Please set down exactly the lines of the listing below from the line containing "LLIVNATURE Moisturizing Body" through the line containing "Kit broderie traditionnelle", both lines included, leaving out all other lines.

□ □ □ □

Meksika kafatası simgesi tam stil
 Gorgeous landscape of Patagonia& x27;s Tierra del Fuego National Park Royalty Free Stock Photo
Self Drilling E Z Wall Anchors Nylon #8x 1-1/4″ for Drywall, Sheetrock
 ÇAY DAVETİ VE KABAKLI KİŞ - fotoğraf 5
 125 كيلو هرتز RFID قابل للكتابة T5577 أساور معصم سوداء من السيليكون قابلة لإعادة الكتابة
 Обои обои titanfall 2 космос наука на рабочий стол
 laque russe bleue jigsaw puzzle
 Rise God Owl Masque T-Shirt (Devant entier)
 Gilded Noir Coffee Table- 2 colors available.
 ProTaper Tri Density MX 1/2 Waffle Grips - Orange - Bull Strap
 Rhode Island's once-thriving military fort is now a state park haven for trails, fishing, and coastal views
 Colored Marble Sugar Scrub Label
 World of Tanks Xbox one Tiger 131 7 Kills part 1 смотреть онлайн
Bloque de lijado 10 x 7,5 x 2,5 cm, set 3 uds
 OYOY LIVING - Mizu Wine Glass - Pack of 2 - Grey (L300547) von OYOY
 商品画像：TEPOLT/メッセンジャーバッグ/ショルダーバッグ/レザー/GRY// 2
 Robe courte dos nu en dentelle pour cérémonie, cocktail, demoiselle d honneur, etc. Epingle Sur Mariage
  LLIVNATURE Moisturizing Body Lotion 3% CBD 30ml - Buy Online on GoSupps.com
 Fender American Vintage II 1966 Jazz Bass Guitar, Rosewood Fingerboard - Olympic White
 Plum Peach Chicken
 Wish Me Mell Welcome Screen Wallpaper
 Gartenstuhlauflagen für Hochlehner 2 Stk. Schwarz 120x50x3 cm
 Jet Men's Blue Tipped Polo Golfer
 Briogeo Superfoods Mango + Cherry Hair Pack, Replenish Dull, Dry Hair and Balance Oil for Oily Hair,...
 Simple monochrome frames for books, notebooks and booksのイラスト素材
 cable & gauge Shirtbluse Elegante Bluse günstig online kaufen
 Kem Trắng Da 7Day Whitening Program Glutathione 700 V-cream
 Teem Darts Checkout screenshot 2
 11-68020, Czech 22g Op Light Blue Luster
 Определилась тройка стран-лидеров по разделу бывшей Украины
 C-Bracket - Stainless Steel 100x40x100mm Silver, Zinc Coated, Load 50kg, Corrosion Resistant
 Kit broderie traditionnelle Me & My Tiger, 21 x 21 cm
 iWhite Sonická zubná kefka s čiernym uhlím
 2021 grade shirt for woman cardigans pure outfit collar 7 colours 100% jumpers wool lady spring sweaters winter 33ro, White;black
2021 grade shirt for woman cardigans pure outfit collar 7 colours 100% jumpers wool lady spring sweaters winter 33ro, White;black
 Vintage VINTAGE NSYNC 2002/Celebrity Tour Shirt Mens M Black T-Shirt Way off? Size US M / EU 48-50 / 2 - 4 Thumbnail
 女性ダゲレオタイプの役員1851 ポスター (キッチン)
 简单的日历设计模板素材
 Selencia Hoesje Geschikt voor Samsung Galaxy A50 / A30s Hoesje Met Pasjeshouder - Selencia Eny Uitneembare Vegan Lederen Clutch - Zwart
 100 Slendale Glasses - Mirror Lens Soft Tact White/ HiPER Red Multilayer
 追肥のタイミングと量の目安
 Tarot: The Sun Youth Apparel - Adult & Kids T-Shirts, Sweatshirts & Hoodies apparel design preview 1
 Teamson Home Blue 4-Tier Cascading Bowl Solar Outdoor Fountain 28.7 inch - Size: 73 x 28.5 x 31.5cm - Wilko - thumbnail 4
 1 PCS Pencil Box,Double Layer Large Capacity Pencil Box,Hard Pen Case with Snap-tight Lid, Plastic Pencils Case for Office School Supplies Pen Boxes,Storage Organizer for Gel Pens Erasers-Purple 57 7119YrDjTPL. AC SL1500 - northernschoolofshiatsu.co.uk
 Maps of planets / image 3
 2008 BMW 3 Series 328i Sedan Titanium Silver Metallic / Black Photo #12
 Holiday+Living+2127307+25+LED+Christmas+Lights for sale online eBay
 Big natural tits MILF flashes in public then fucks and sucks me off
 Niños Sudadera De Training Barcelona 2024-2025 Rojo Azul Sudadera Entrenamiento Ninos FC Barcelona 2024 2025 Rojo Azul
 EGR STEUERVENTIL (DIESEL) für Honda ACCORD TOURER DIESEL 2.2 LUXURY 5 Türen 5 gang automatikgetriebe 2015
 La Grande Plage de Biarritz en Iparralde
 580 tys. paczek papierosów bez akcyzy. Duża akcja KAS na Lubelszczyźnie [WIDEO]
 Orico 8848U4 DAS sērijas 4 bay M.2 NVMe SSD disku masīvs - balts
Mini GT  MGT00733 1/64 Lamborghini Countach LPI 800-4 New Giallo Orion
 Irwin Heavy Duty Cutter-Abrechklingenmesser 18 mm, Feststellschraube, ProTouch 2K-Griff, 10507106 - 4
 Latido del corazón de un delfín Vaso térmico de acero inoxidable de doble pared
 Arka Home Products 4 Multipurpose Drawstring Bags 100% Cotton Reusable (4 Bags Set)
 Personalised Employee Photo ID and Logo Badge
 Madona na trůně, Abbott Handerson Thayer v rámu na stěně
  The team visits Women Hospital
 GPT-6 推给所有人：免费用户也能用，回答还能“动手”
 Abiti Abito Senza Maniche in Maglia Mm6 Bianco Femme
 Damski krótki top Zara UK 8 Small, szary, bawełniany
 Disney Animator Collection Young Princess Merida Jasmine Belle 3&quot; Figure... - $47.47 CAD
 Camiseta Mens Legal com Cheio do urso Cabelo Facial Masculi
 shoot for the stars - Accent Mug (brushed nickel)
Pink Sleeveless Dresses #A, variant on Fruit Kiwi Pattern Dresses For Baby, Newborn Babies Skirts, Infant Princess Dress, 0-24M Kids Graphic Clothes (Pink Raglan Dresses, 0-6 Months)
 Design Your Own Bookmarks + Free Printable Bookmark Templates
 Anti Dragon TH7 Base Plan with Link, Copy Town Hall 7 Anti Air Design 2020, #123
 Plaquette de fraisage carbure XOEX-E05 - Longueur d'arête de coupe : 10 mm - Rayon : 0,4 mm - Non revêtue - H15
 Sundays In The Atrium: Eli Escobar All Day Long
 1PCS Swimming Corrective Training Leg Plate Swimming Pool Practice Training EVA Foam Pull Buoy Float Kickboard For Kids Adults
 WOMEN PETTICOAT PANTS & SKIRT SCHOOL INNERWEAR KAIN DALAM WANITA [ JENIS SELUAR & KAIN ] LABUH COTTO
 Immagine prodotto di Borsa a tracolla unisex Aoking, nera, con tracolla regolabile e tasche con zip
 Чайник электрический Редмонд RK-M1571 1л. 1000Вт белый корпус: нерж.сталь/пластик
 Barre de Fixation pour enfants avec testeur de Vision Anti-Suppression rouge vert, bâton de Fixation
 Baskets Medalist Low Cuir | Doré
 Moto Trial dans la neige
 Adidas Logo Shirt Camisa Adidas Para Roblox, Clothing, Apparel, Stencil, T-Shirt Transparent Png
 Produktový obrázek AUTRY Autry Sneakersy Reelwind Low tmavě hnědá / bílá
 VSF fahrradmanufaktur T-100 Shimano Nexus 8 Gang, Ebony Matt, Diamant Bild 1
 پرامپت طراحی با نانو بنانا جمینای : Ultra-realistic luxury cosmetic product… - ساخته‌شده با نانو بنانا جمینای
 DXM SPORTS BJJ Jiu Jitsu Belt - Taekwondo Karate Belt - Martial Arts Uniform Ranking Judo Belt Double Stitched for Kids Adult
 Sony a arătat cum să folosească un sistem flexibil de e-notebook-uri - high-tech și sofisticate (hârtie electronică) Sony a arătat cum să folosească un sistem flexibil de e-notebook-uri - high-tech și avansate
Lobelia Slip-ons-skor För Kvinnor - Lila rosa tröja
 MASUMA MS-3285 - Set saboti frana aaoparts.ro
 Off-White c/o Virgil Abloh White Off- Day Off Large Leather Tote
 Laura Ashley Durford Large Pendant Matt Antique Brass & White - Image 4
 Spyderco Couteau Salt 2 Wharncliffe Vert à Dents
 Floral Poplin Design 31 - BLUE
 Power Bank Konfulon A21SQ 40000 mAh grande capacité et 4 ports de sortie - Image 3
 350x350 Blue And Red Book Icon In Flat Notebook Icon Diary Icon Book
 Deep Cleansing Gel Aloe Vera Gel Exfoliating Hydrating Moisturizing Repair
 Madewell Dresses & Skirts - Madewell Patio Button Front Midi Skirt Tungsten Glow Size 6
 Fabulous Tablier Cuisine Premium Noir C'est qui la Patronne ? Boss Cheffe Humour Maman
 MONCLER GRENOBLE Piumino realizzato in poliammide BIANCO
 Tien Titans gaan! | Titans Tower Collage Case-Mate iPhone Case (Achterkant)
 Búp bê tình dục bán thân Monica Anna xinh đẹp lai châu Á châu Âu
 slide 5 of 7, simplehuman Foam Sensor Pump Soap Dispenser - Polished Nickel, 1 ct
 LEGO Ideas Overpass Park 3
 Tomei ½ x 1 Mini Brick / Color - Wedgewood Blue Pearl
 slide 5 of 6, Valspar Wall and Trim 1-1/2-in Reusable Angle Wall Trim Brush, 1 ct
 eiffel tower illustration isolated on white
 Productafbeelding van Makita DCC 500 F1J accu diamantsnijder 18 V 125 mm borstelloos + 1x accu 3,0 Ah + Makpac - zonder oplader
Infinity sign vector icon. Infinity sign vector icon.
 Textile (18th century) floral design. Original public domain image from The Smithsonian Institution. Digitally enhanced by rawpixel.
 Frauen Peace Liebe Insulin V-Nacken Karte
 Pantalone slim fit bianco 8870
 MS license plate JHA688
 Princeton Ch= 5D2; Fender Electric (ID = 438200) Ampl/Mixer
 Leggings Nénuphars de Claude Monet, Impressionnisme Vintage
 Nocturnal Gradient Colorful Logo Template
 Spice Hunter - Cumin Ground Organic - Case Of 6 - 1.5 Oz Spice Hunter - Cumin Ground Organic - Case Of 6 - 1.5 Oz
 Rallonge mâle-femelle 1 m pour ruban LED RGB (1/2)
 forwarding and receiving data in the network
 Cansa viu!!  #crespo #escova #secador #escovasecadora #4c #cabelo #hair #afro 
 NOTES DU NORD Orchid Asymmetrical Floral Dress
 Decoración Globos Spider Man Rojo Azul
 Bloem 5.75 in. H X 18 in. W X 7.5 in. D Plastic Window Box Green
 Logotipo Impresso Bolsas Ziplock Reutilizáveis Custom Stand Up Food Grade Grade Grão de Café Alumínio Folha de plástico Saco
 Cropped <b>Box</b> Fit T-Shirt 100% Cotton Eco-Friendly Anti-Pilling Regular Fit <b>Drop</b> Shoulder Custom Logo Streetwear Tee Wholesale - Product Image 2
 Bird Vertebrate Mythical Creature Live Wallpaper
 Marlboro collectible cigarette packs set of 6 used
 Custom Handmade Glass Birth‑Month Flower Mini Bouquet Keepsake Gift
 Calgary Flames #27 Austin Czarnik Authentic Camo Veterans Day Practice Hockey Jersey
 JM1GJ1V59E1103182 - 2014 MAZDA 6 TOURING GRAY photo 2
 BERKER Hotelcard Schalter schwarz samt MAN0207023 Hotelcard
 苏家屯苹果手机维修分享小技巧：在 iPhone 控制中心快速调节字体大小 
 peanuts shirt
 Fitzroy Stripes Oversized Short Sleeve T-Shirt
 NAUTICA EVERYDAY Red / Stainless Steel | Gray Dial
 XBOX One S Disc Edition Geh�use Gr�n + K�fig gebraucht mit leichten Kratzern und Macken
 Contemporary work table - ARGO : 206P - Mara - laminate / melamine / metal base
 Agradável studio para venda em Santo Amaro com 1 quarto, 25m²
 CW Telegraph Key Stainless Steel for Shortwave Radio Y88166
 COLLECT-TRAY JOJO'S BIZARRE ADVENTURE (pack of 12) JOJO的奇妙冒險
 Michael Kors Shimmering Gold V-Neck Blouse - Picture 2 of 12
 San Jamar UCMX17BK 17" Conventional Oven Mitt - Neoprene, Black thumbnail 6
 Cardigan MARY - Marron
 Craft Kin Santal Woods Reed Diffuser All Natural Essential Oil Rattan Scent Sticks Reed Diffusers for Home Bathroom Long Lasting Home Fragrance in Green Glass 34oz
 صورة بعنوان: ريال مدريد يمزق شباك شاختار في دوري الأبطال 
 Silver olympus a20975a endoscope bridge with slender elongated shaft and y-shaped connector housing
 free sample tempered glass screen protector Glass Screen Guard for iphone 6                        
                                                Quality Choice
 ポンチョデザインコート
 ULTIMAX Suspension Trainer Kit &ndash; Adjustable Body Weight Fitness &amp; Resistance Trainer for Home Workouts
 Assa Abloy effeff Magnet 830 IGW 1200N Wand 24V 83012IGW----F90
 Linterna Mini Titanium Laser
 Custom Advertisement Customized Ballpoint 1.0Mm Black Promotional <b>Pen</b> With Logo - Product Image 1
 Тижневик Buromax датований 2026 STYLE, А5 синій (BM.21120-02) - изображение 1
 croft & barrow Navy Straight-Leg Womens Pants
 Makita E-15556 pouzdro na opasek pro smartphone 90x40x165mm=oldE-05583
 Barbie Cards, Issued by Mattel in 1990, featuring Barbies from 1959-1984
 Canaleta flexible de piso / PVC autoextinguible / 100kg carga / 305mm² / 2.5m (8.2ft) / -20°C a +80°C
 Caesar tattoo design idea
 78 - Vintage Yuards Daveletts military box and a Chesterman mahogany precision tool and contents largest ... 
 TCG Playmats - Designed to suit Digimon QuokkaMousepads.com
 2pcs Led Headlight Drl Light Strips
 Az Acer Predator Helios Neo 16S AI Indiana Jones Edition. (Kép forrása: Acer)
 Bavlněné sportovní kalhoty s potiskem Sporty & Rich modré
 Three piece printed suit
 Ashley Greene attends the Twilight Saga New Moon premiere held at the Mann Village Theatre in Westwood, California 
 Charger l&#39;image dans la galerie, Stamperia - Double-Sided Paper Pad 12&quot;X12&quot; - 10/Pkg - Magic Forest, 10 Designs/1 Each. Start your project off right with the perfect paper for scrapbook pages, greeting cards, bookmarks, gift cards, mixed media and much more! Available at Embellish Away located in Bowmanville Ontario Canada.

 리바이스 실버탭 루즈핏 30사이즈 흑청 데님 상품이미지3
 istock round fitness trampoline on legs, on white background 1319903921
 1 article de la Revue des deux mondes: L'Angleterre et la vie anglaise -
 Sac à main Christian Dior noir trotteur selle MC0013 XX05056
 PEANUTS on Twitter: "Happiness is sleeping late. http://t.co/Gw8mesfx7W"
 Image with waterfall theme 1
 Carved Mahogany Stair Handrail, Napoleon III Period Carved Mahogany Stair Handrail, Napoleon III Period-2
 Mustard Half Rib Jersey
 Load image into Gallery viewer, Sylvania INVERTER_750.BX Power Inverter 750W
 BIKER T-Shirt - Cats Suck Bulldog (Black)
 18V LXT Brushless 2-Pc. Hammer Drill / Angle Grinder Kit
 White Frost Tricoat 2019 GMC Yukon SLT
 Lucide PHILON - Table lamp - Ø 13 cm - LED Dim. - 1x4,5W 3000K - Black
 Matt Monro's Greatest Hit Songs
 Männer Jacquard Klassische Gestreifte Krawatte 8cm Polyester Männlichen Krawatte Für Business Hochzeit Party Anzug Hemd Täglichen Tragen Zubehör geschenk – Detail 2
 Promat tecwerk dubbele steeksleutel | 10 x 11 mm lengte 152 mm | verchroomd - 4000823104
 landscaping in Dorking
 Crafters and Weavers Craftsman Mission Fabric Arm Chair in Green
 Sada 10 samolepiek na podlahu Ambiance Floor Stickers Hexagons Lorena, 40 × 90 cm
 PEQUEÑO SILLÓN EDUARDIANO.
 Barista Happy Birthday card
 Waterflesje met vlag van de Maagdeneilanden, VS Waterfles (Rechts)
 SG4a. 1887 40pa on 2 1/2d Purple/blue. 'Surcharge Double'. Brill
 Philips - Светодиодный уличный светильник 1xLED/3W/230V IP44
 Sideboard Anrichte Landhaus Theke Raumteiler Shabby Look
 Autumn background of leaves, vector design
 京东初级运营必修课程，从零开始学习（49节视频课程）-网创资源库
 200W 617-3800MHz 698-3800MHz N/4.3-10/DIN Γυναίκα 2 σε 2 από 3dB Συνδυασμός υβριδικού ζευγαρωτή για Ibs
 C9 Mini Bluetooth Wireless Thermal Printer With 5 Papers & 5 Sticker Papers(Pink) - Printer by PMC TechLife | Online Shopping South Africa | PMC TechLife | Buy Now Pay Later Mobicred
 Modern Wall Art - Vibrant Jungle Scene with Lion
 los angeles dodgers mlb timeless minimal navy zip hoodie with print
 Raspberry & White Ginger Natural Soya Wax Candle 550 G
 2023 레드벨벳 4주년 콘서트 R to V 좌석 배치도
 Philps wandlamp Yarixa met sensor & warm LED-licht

□ □ □ □

§ **Reply to the exercise**
  LLIVNATURE Moisturizing Body Lotion 3% CBD 30ml - Buy Online on GoSupps.com
 Fender American Vintage II 1966 Jazz Bass Guitar, Rosewood Fingerboard - Olympic White
 Plum Peach Chicken
 Wish Me Mell Welcome Screen Wallpaper
 Gartenstuhlauflagen für Hochlehner 2 Stk. Schwarz 120x50x3 cm
 Jet Men's Blue Tipped Polo Golfer
 Briogeo Superfoods Mango + Cherry Hair Pack, Replenish Dull, Dry Hair and Balance Oil for Oily Hair,...
 Simple monochrome frames for books, notebooks and booksのイラスト素材
 cable & gauge Shirtbluse Elegante Bluse günstig online kaufen
 Kem Trắng Da 7Day Whitening Program Glutathione 700 V-cream
 Teem Darts Checkout screenshot 2
 11-68020, Czech 22g Op Light Blue Luster
 Определилась тройка стран-лидеров по разделу бывшей Украины
 C-Bracket - Stainless Steel 100x40x100mm Silver, Zinc Coated, Load 50kg, Corrosion Resistant
 Kit broderie traditionnelle Me & My Tiger, 21 x 21 cm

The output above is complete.